As for your dismissal of David Tyrer as seeming “to want to create a ‘racism’ where there probably is none (in the ideological sense)” — your comment highlights almost exactly what Tyrer is pointing to. Race is not a simple category that we all immediately understand, even if we think we do. Let us remind ourselves, again at the risk of repetition, that “race” is a modern Western construct whose borders constantly shift. So, for example, not too long ago, the Irish and the Italians were considered “black” in the US. Race is part of a very sophisticated politics — a politics of power and coercion — wherein Islam and Muslims are constituted as the “Other.” And this politics of power and coercion — and persuasion — is intimately intertwined in the language of mainstream media, which has been shown to have an Islamophobic agenda (see, for example, Nathan Lean’s The Islamophobia Industry [2012]).
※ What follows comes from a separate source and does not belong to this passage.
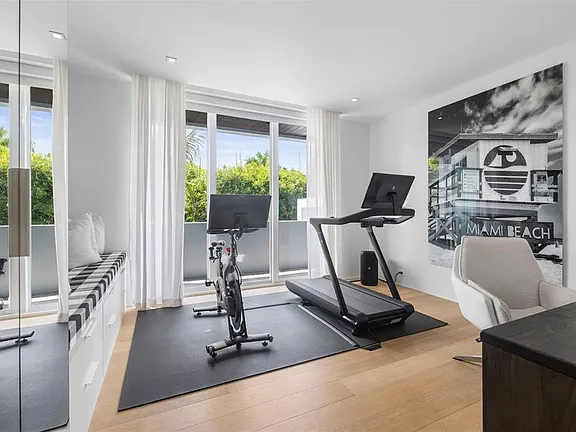 $2,147,483,647 4433 N Bay Rd, Miami Beach, FL 33140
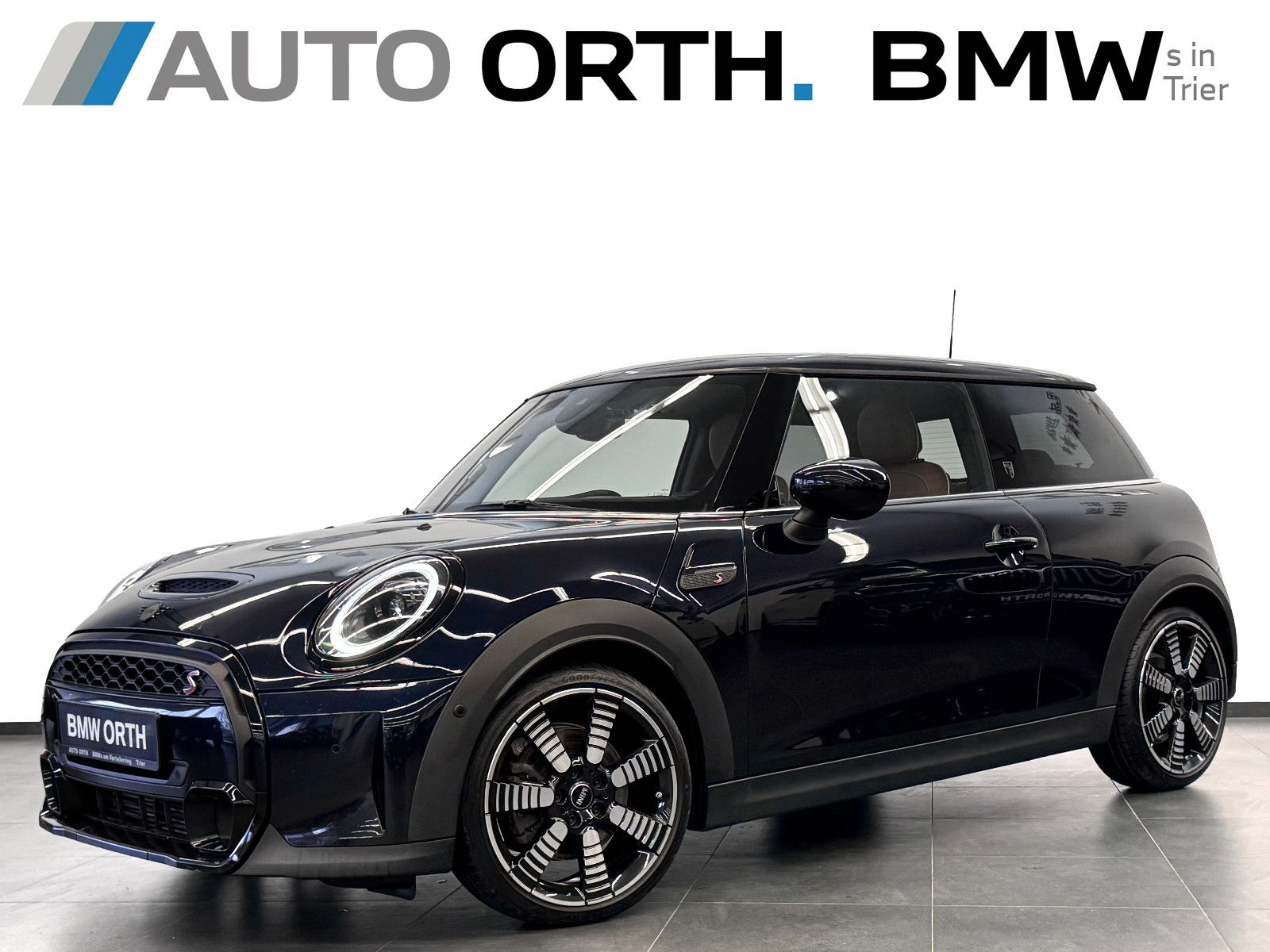 MINI Cooper S SP-AUT. LEDER HUD PANO RFK DRIVASS h/k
So let us all be wary of making truth claims about anything really, but especially something as excessively political (on all sides) as Islam.

Regarding your assertion that “the thesis of ‘Otherness’ applies to Islamic culture rather than ‘races’ of Islamic countries; [the Islamic culture] was historically seen as a different set of basic beliefs than the Western tradition,” I would like to quote from Jonathan I. Israel’s magisterial Enlightenment Contested: Philosophy, Modernity, and the Emancipation of Man 1670-1752 (2009). Israel, a professor in the School of Historical Studies at the Institute for Advanced Study, Princeton, writes:

Muslims, from the time of Muhammad in the seventh century onwards … were invariably more tolerant than the Christians. Had Christians ruled the Ottoman Near East instead of the Turks … there would remain today no ‘trace of the Greek Church’ and Islam would have been obliterated whereas, by contrast, [Muslims] fully tolerated Christianity. (618)

I fear that there is a lot more work — not unlike the kind of conversation we’re having — that needs to be done, from all sides and quarters of human experience, for the human project to continue forward.